Tuesday, July 01, 2008

The Aftermath

Every family is different. What seems completely normal to one person can seem strange to another.

I was raised in an charismatic, non-denominational Christian family. We were the kind of family that was there everytime the doors opened. It's all I knew for the first thirty years of my life. It was a mega-church before there really were mega-churches.

When there was a death in the extended "church family", someone called the pastor, then friends were called, and within hours there were dozens of people, calling the family, stopping by the hospital, or stopping by the house.

Then the parade of casseroles began. Often, a family who had lost a loved one, could go for weeks without having to prepare a meal, their refrigerator full of Tupperware with names written on the lids.

The summer I graduated from high school, a new family to the church lost their 19 year old son in a car accident. When everyone heard the news, a steady flow of people showed up at their house, stopping by to express their condolences and asking what could be done.

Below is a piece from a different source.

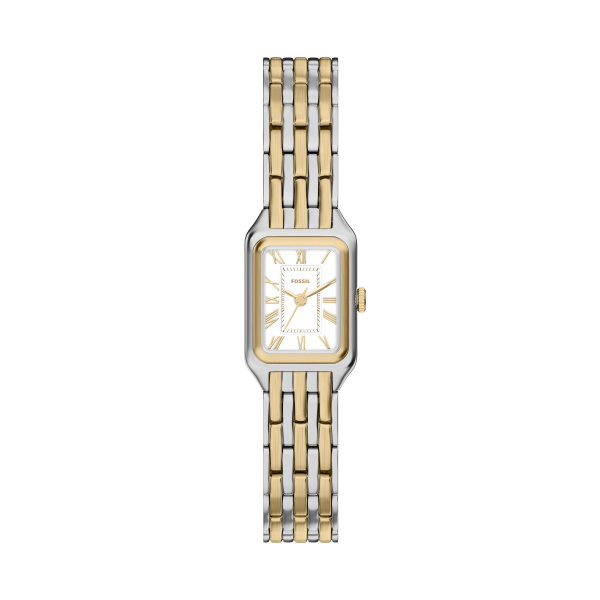 Fossil dames pols horloge staal met stalen band goudkleurig uit de Raquel collectie. 5 ATM waterdicht.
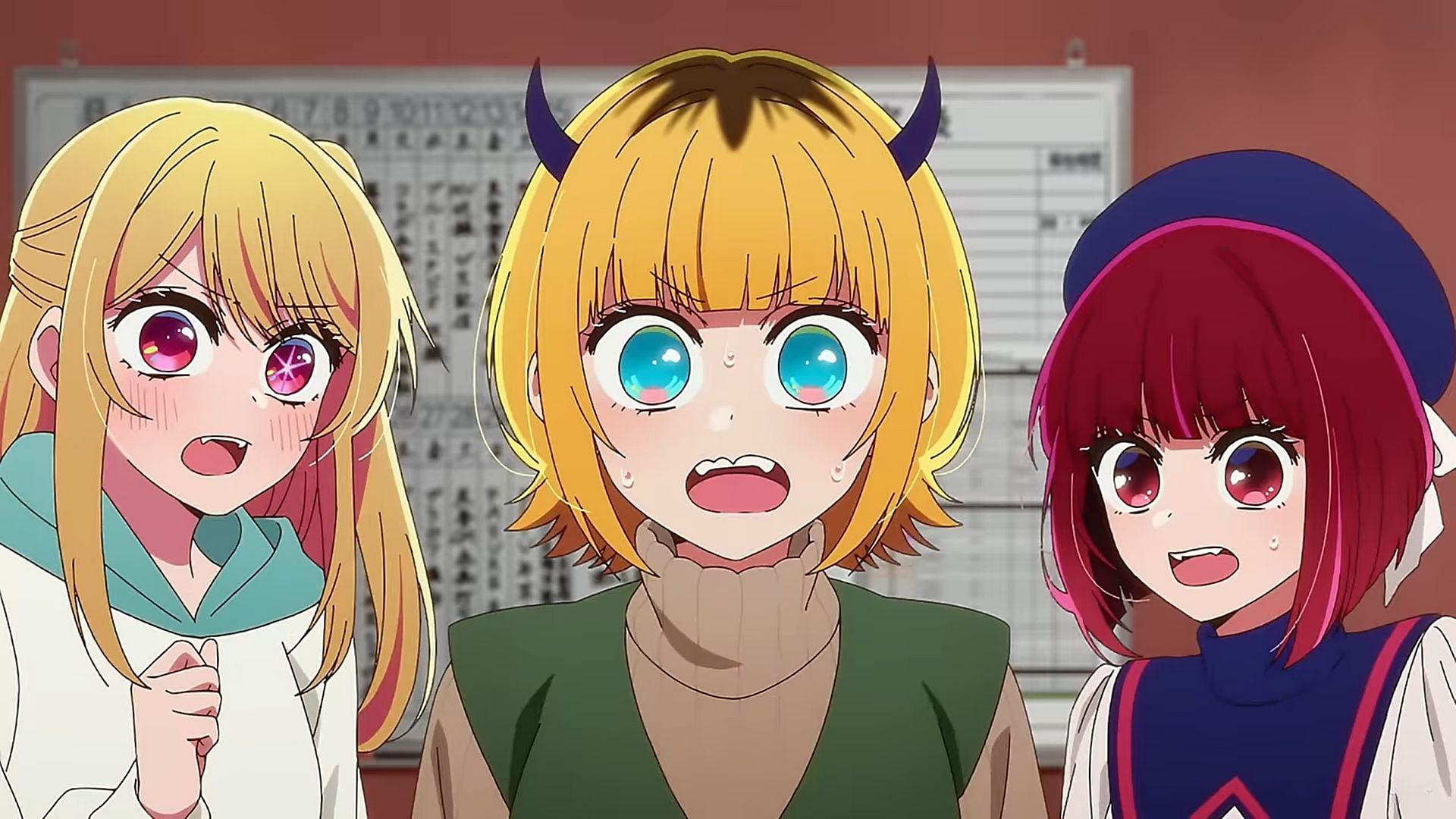 Ruby Hoshino, Mem-Cho, and Kana Arima as seen in Oshi no Ko anime (Image via Doga Kobo)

When I sat in the backyard with the young man's older brother we had a conversation I have never forgotten.

He told me that he always thought it was strange when someone died and everyone showed up at the house with food in hand. As we talked that afternoon, he had changed his mind. He understood. It's good to have people around, their presence was soothing, and also a great distraction from the grief.

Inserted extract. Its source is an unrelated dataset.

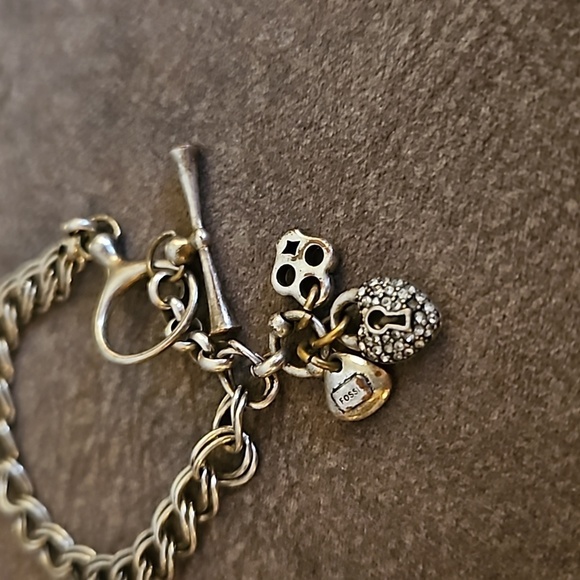 VTG FOSSIL Heart Lock Charm Chain Toggle Tennis Bracelet - Picture 2 of 3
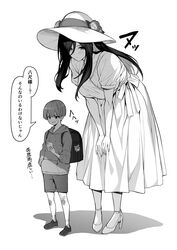  1boy 2ch backpack bag black_hair breasts cellphone commentary_request dress female hasshaku-sama hat height_difference highres holding holding_phone huge_breasts long_hair monochrome phone randoseru short_hair smartphone sun_hat takoneru tall_female translation_request urban_legend white_dress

Ever since, I have never hesitated to drop everything and go be with people when they have lost someone. You may have no words of wisdom, but your presence is all that matters.

We all grow up in families, and what we know of life, we know from them.

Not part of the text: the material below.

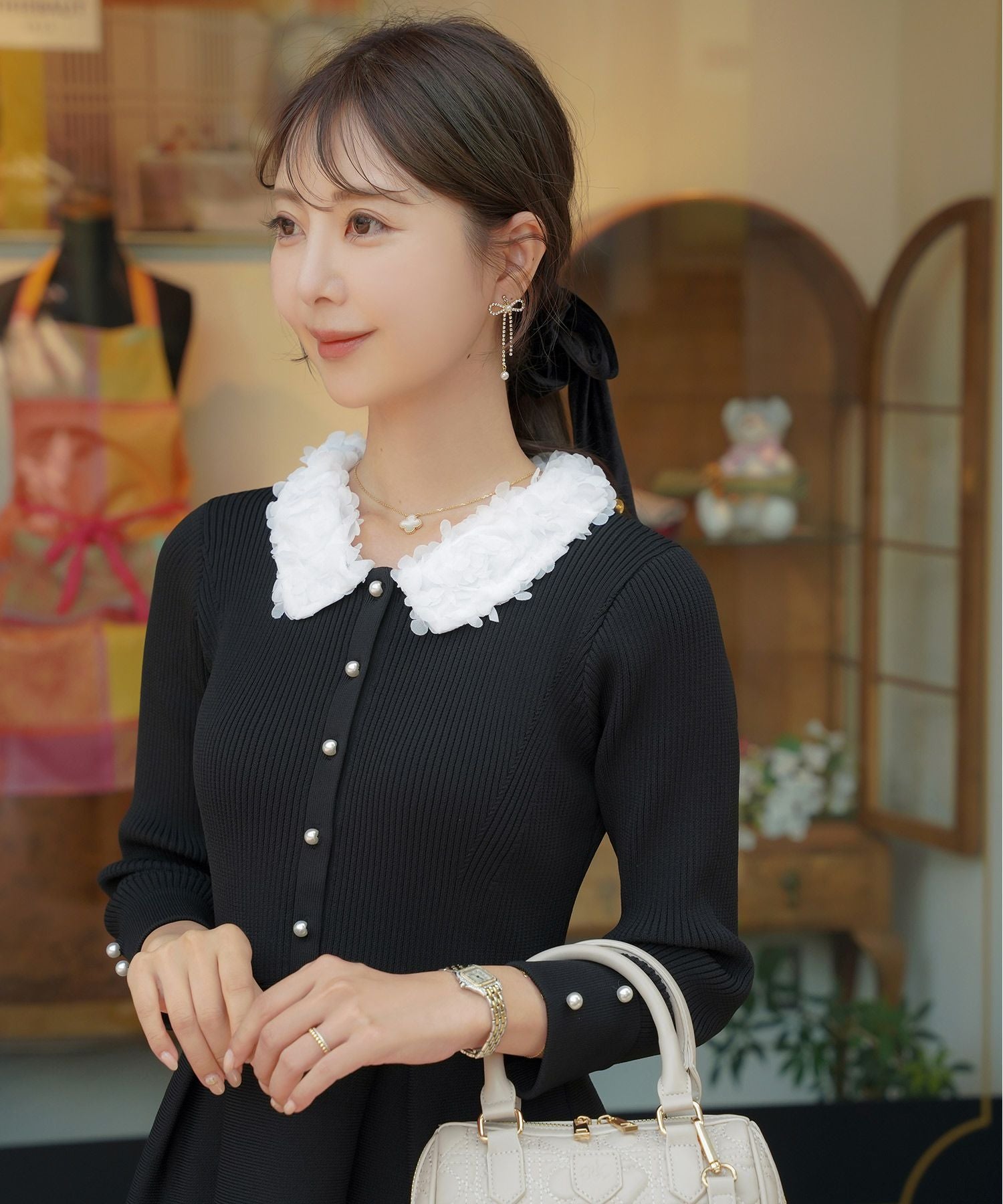 リボン ベロア シュシュ le reve vaniller 全3色｜lvn945-2183【1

When you marry someone, you join their family as well. The Husband's family comes from a different place. Literally and philosophically. It was certainly strange navigating the unfamiliar waters with a family very different from my own. I felt as if I was trying to help them with one hand tied behind my back. I don't think I did a very good job.

When it's all said and done, we can only do the best we can. We can examine our own heart, and make sure our intentions are noble. If we are paying attention, we can try and do better the next time around. And yes, the "next time" will come.

It always does.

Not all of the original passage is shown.